彼はかつて漢方薬の買い付けの為、中国の奥地に入り込んでいたことがあるという。
その時に何度か不思議なことを見聞きしたらしい。
「とある山間を歩いていた時のことなんですが。
夕刻、大きな河にぶつかったのですよ。
この岸辺で野宿をしようかと荷物を降ろしたところ、これが実に見事な夕焼けになったんです。
麓の地平線一杯が、こう一面に真っ赤と染まりまして。
しばらく感動して眺めていたのです。
いやぁ、あれは素晴らしかった。
それに気が付いたのは、夕焼けからやっと目を離せた時でした。
目の前の河面に、何か黒いボールのような物が山と浮いていたのです。
大きさは、ちょうど人の頭ほどもありましたか。
何だろう、さっきは何もなかったのに。
そう思いながら見ていると…。
そのボールの一つが、くるりとこちらを向いたのです。
水面のすぐ上に、小さな黒い丸が二つ付いていました。
それが瞬きして初めて、目玉だとわかりました。
河の中に居た何者か達が、一斉に浮かび上がって夕焼けを眺めていたのです。
目が合った後も怖いとは思いませんでした。
あぁ彼らも夕焼けを美しいと思う生き物なのだな、とそんなことを考えまして。
あちらも私に興味をなくしたのか、すぐに落日に向き直りましたし。
日が完全に沈む頃、いつの間にか彼らは姿を消していました。
その夜はそこで一泊したのですが、別に何も起こりませんでしたよ。
村に戻ってから知り合いにこの話をしたところ、『あの辺りは昔から河伯(かはく)がいる。私が見たのもそれであろう』と言われました。

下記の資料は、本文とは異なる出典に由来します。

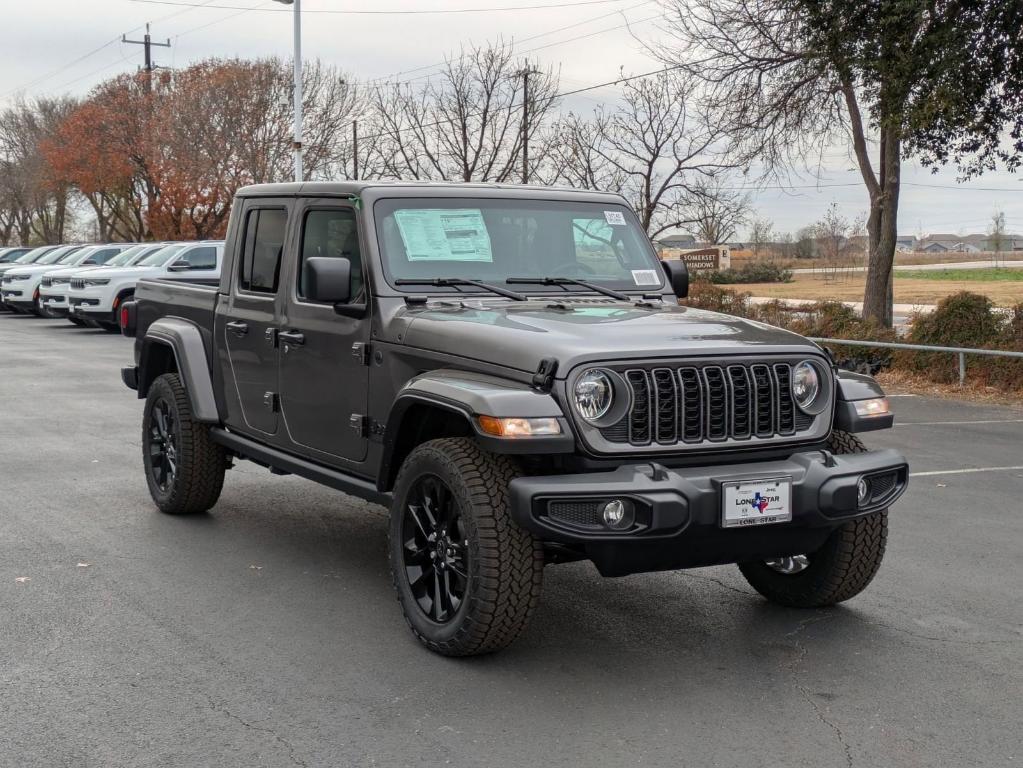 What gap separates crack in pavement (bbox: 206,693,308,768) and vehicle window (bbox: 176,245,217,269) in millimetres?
20506

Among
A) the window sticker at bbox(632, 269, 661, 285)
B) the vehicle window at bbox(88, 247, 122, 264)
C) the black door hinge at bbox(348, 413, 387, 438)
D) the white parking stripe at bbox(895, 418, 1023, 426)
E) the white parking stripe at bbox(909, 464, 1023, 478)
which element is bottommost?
the white parking stripe at bbox(909, 464, 1023, 478)

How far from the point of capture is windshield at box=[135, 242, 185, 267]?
25359 millimetres

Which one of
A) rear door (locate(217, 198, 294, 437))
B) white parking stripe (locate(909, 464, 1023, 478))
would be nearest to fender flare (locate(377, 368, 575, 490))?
rear door (locate(217, 198, 294, 437))

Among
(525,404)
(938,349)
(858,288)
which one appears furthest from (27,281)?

日本で謂うところのカッパみたいなモノなんでしょうかね。
最近のニュースで知ったのですが、あの地方、今は渇水で河が枯れてしまったそうなんです。
天候不順とか水の汲み上げ過ぎだと言われていましたが。
あれほどの大河が枯れるというのも凄い話ですけど。
あれだけ居た河伯達、何処に行ってしまったのでしょうね」
そう言った彼の顔は、どこか寂しそうだった。